Or we can ask for the result, waiting a maximum of, say, 5 seconds

In [ ]:

ar.get(5)

Often, we can't go on until some results are done
For this, we can use the wait method
wait can take an iterable of AsyncResults

In [ ]:

result_list = [dview.apply_async(wait, 3) for i in range(5)]

In [ ]:

result_list

In [ ]:

dview.wait(result_list)

In [ ]:

result_list[4].get()

Scatter and Gather¶

You can use scatter to partition an iterable across engines
gather pulls the results back
You can use this to do parallel list comprehensions as below
Sometimes this is more convenient than map

In [ ]:

dview.scatter('x', range(64))

%px y = [i**10 for i in x]

y = dview.gather('y')

print y[:10]

The % indicates that we are using an IPython 'magic' function
The available parallel magics are listed in the documentation

The Task Interface¶

The Task interface allows you to use your the engines as a system of workers
You no longer have direct access to the individual engines
If your tasks are easily segmented into pieces that do not depend on each other, the Task Interface may be ideal
However, you can specify complex dependencies to describe task execution order
You can use many standard scheduling paradigms for how tasks should be run or define your own
I am not going to discuss the task interface in detail

In [ ]:

rc = parallel.Client(profile='hpc')

lview = rc.load_balanced_view()

In [ ]:

lview.block = True

parallel_result = lview.map(lambda x:x**10, range(32))

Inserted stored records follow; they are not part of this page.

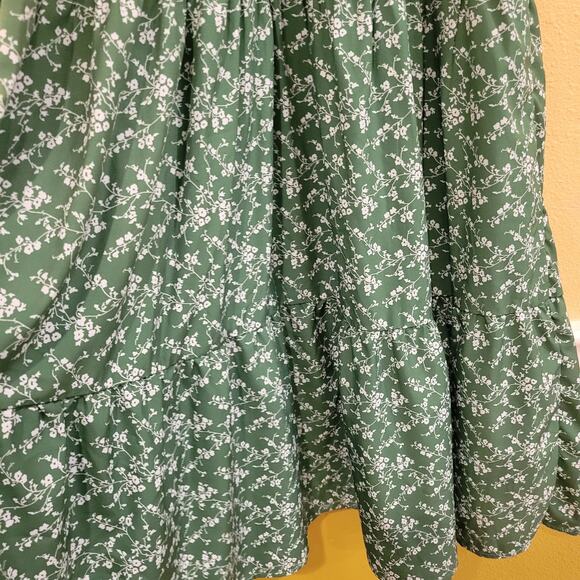 Aly Daly Small Smocked Maxi Dress Green Floral Print Size Small Three Tiered - Picture 7 of 15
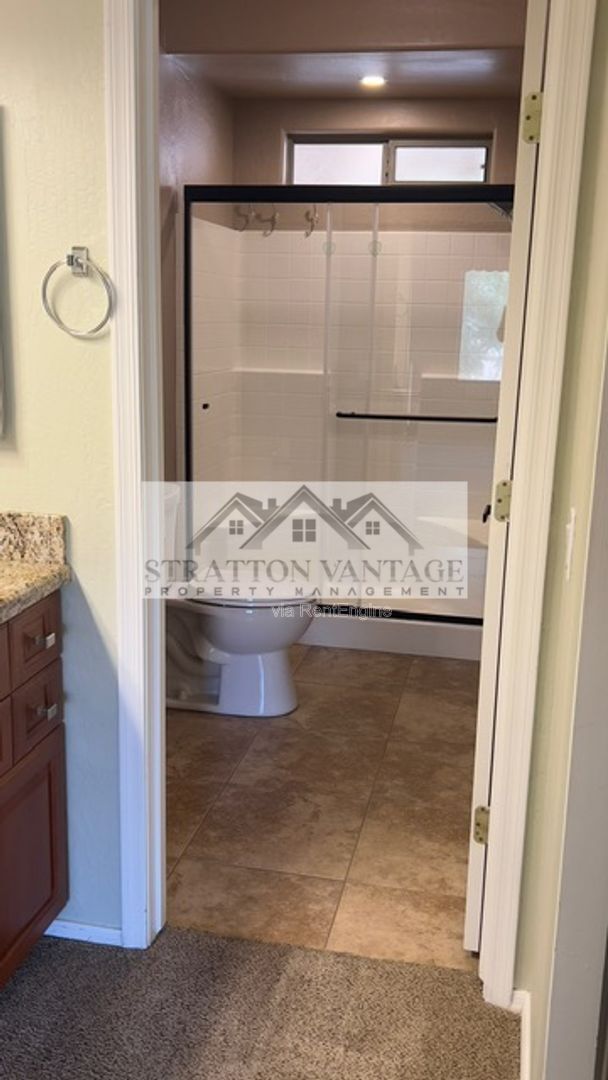 Building Photo - 1351 N Pleasant Dr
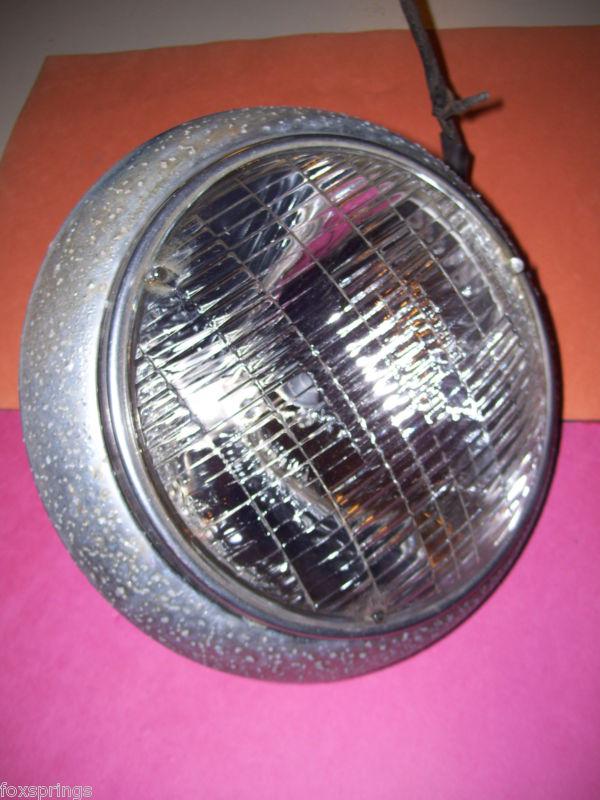 1950's willys station wagon headlight assembly    -    nra23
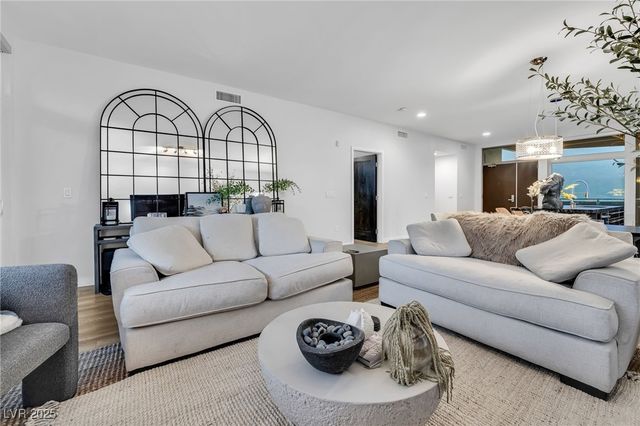 8925 West Flamingo Road 201, Las Vegas, NV 89147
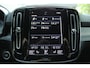 Volvo XC40 T4 Recharge R-Design | Lederen/Stof Bekleding | Electronic Climate Controle | Voorstoelen + Stuurwiel Verwarmend | Achteruitrijcamera Parkeersensor Voor | Cruise Control Adaptief Met Stop&Go En Stuurhulp | Apple Carplay/Android Auto | DAB Ontvanger | Dakrails | Extra Getint Glas |
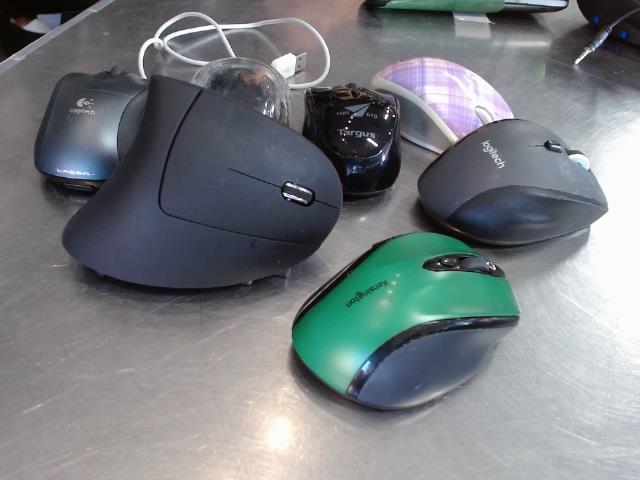 Lot de 7 souris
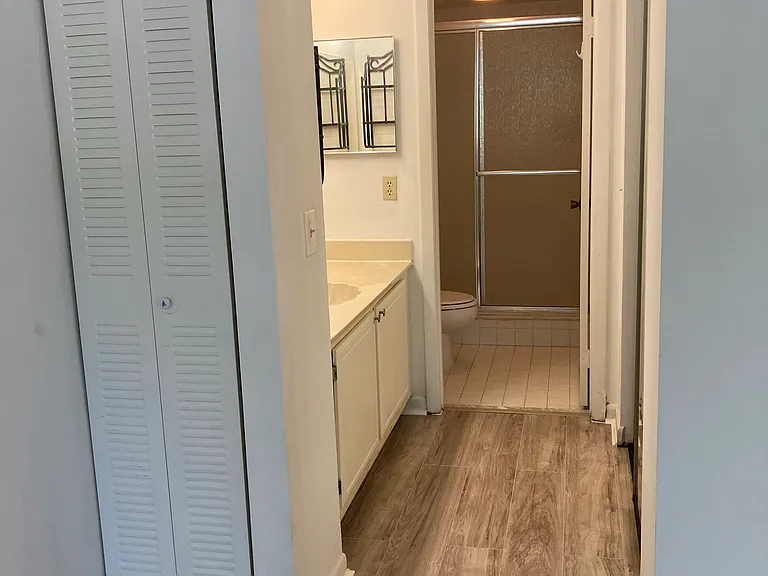 9777 Westview Dr #112 — Photo 16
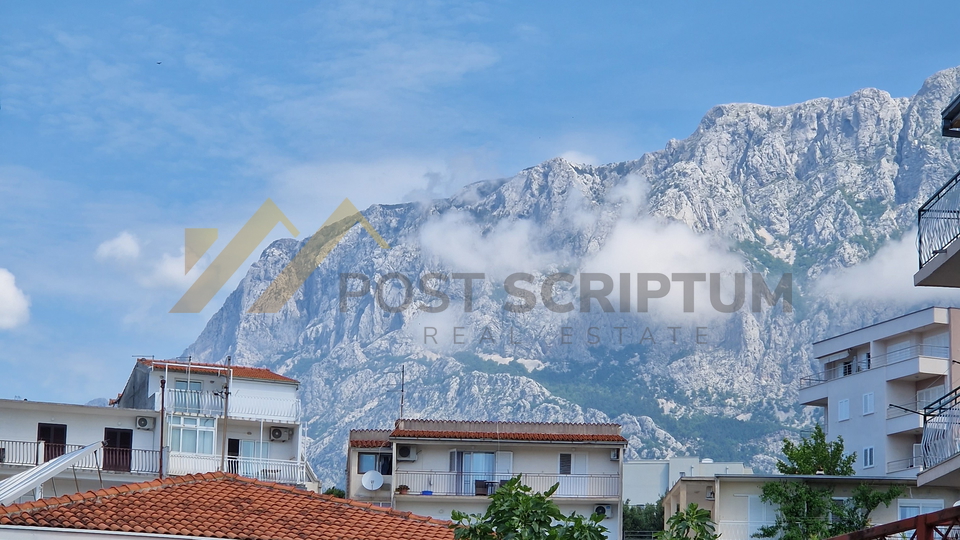 MAKARSKA, NOVOUREĐEN DVOSOBAN S PARKING MJESTOM, DUGOROČAN NAJAM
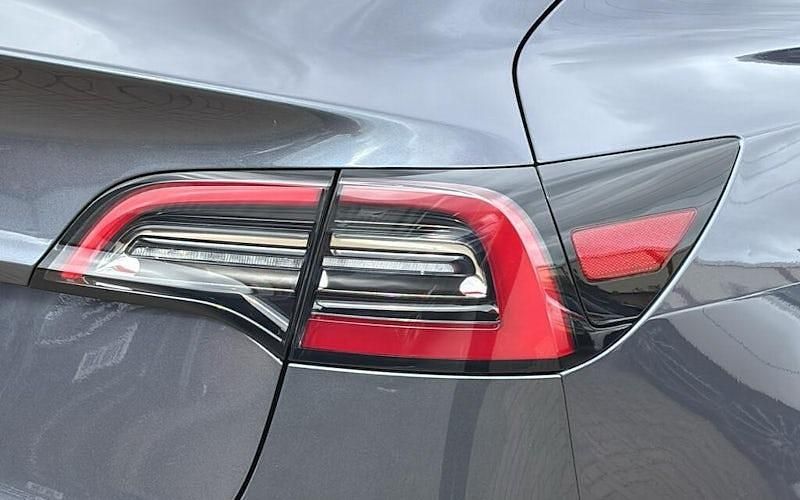 Used 2023 Tesla Model 3 Long Range RWD Sedan | £26,199 (A bit pricey) - Image 1/4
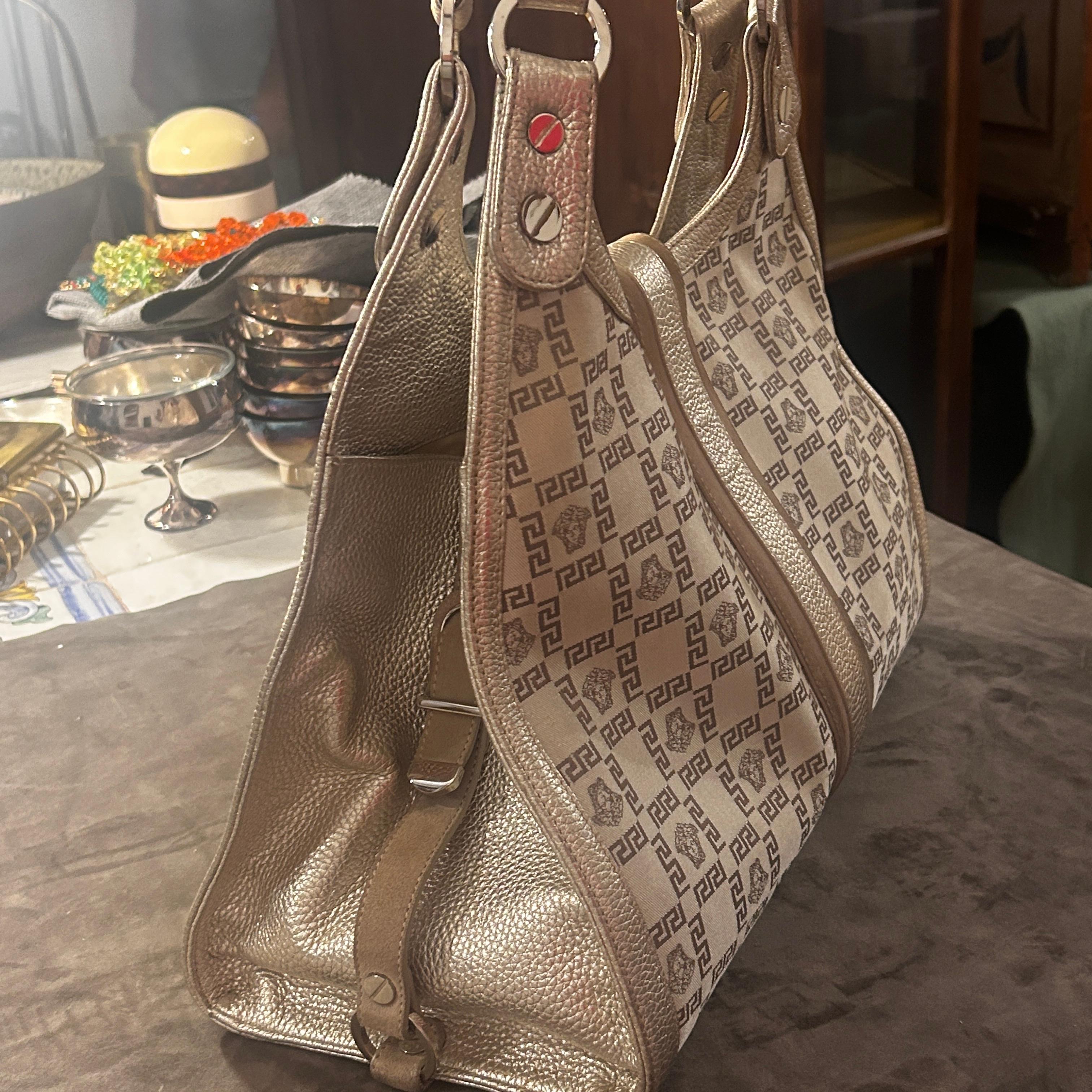 Vintage Gianni Versace Metallic Medusa Monogram White Shoulder Bag In Good Condition For Sale In Aci Castello, IT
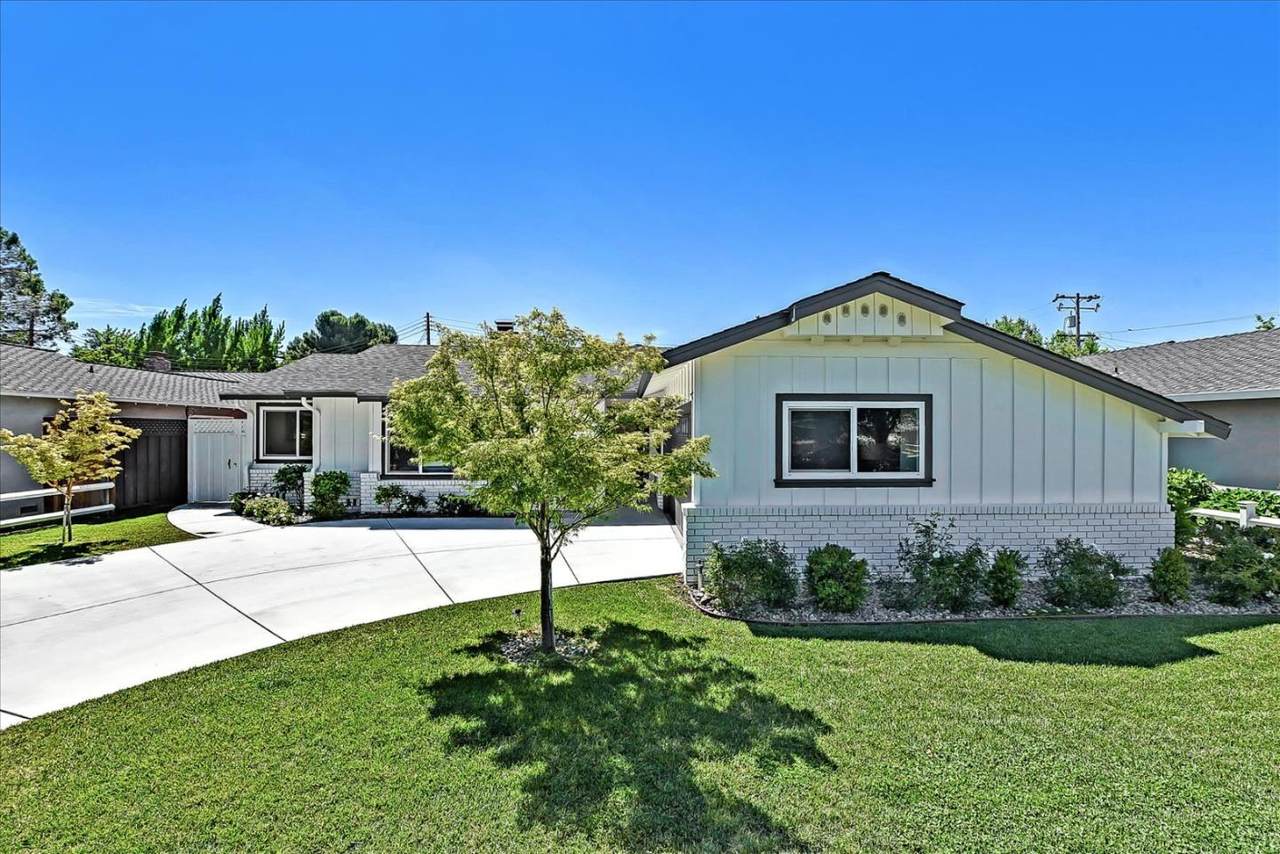 1314 Crestfield Drive - Photo 1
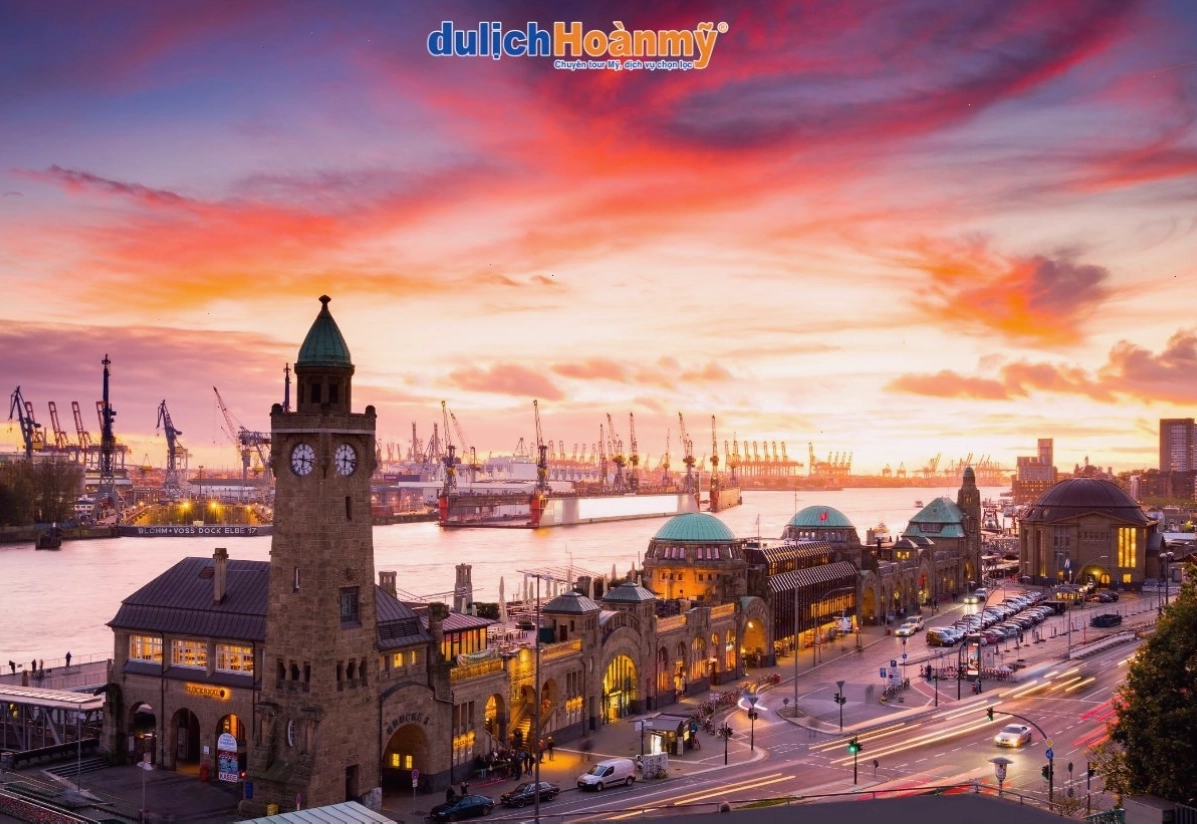 Cảng Hamburg, một trong những cảng biển nhộn nhịp và lớn nhất châu Âu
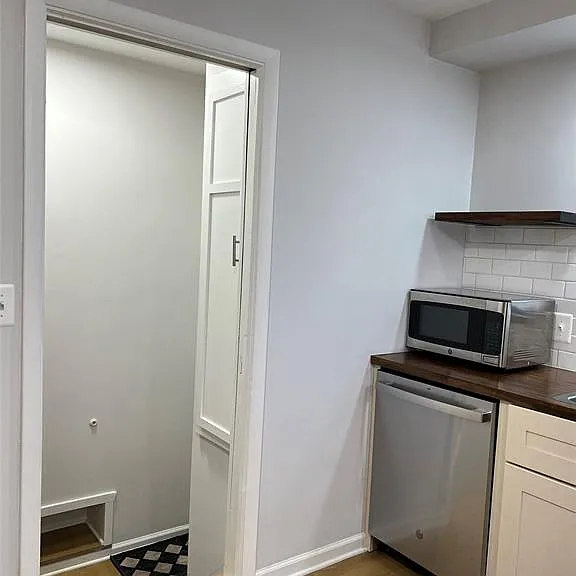 310 Albany St — Photo 25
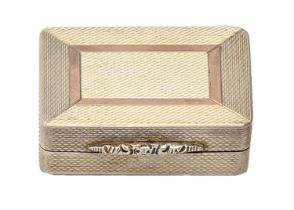 An Elizabeth II silver snuff box, the lid inlaid with gold and engine turned, chased thumbpiece,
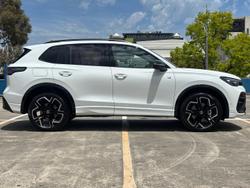 2025 Volkswagen Tiguan 195TSI R-Line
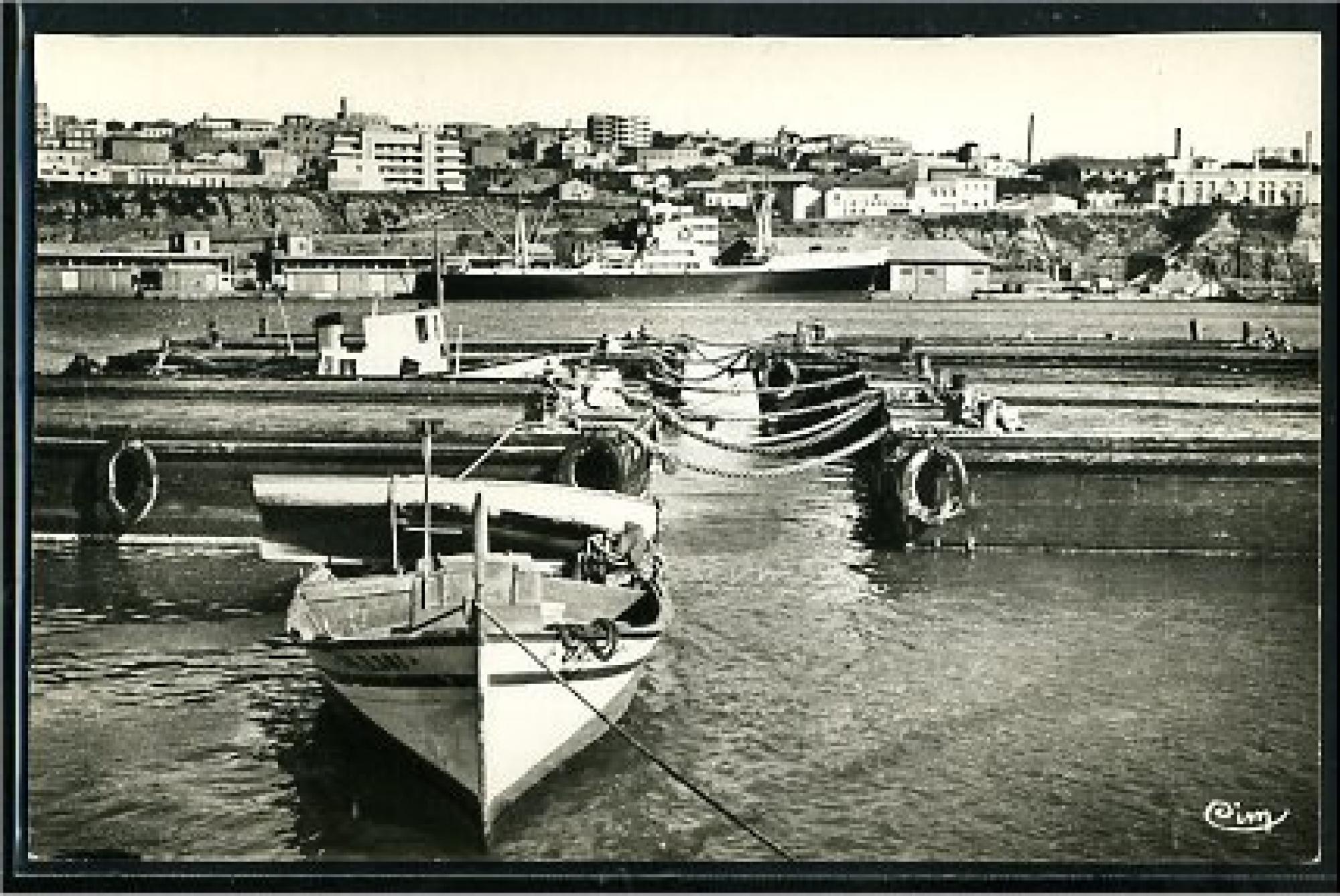Mostaganem  - vue sur le port et la ville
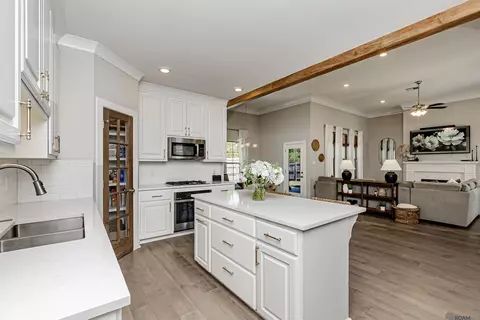 572 Heron Point Dr, Baton Rouge, LA 70810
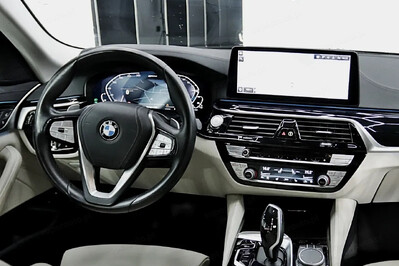 BMW Seria 5 530e xDrive Luxury Line aut
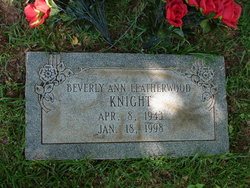 Beverly Ann <I>Leatherwood</I> Knight 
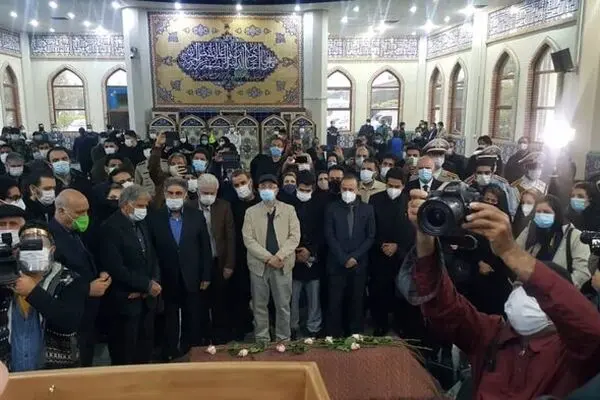 عکس ها از آیین نماز بر پیکر استاد شجریان در بهشت زهرا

print parallel_result[:10]

Examples¶

Poor Man's Global Optimization¶

In reality, you'll rarely ever want to proceed this way for difficult optimization problems
This shows how you could farm out optimization tasks after some sort of scatter-search

Function with multiple minima
From Judge, et. al. The Theory and Practice of Econometrics
Nonlinear least squares 2 local minima and 20 generated observations

$$y_t = \theta_1 + \theta_2x_{t2} + \theta_2^2x_{t3} + \epsilon_t$$

In [ ]:

y = np.array([4.284, 4.149, 3.877, .533, 2.211, 2.389, 
              2.145, 3.231, 1.998, 1.379, 2.106, 1.428, 
              1.011, 2.179, 2.858, 1.388, 1.651, 1.593,
              1.046, 2.152])

x = np.array([.286, .645, .973, .585, .384, .310, 
              .276, .058, .973, .455, .543, .779, 
              .957, .259, .948, .202, .543, .028, 
              .797, .099, .936, .142, .889, .296, 
              .006, .175, .828, .180, .399, .842, 
              .617, .039, .939, .103, .784, .620, 
              .072, .158, .889, .704]).reshape(20,2)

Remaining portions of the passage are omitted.